------ Input data ------

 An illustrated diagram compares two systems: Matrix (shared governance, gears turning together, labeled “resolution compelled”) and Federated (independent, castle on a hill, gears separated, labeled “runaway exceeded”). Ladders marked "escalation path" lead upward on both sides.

------
------ Input data ------

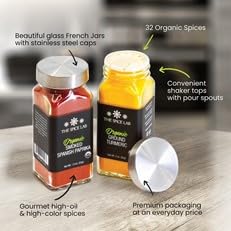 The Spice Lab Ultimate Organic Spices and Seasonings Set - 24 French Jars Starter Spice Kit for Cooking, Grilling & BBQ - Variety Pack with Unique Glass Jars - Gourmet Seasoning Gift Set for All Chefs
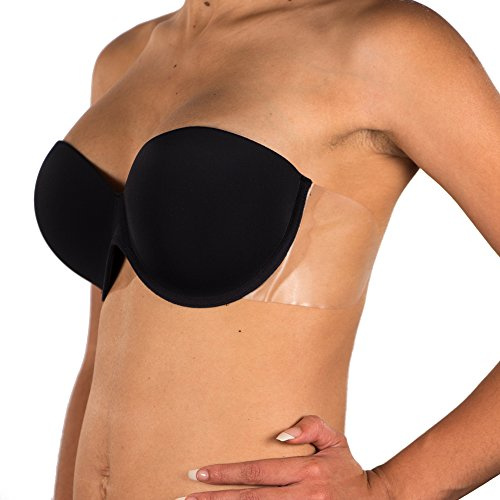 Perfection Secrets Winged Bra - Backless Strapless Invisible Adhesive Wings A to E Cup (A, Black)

------
------ Input data ------

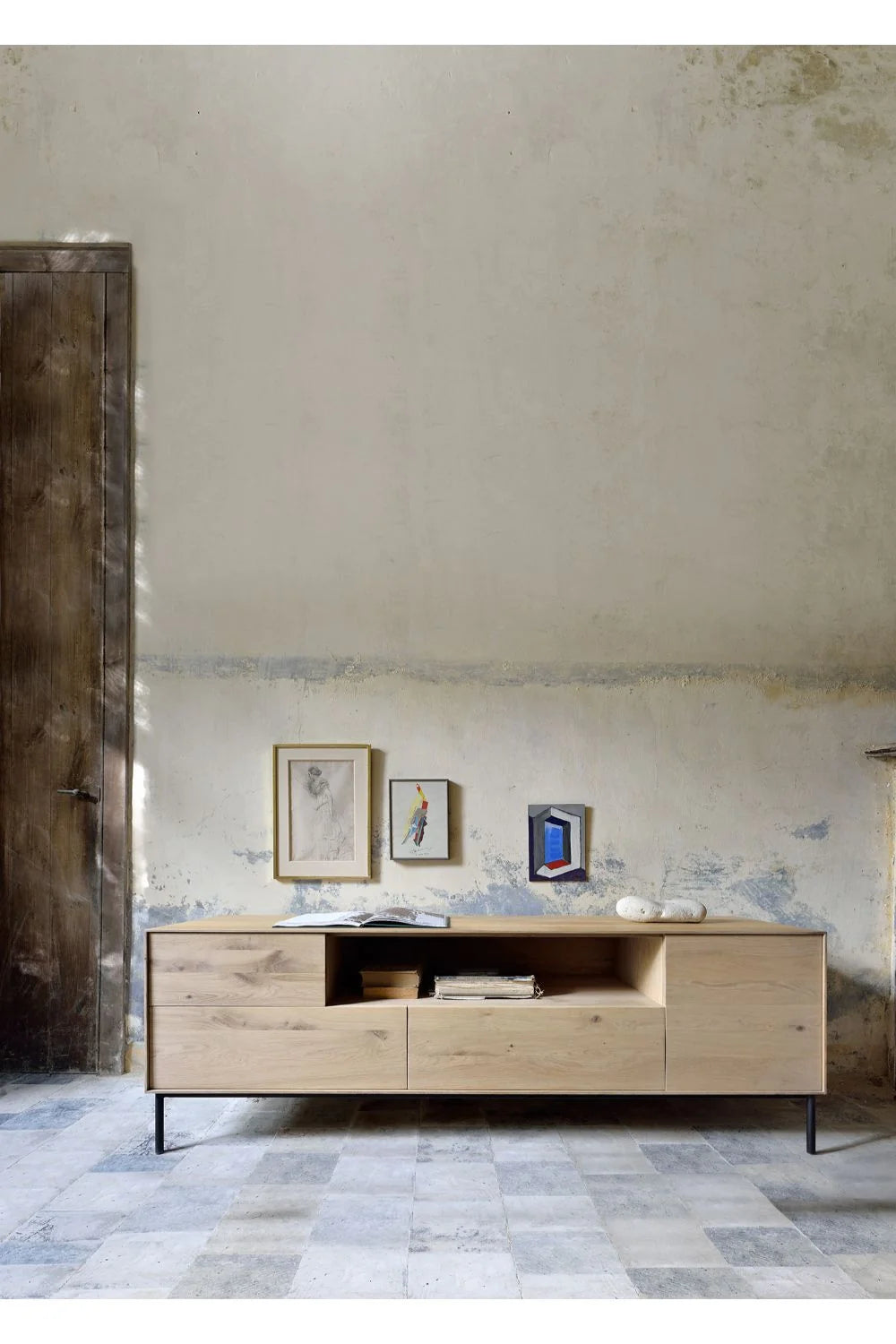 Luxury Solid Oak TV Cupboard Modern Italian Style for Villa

------

[Exercise] Repeat only the stretch of data above that runs from the line with "The Spice Lab" to the line with "Perfection Secrets Winged". Keep both end lines; exclude pictures.

[Task solution]
 The Spice Lab Ultimate Organic Spices and Seasonings Set - 24 French Jars Starter Spice Kit for Cooking, Grilling & BBQ - Variety Pack with Unique Glass Jars - Gourmet Seasoning Gift Set for All Chefs
 Perfection Secrets Winged Bra - Backless Strapless Invisible Adhesive Wings A to E Cup (A, Black)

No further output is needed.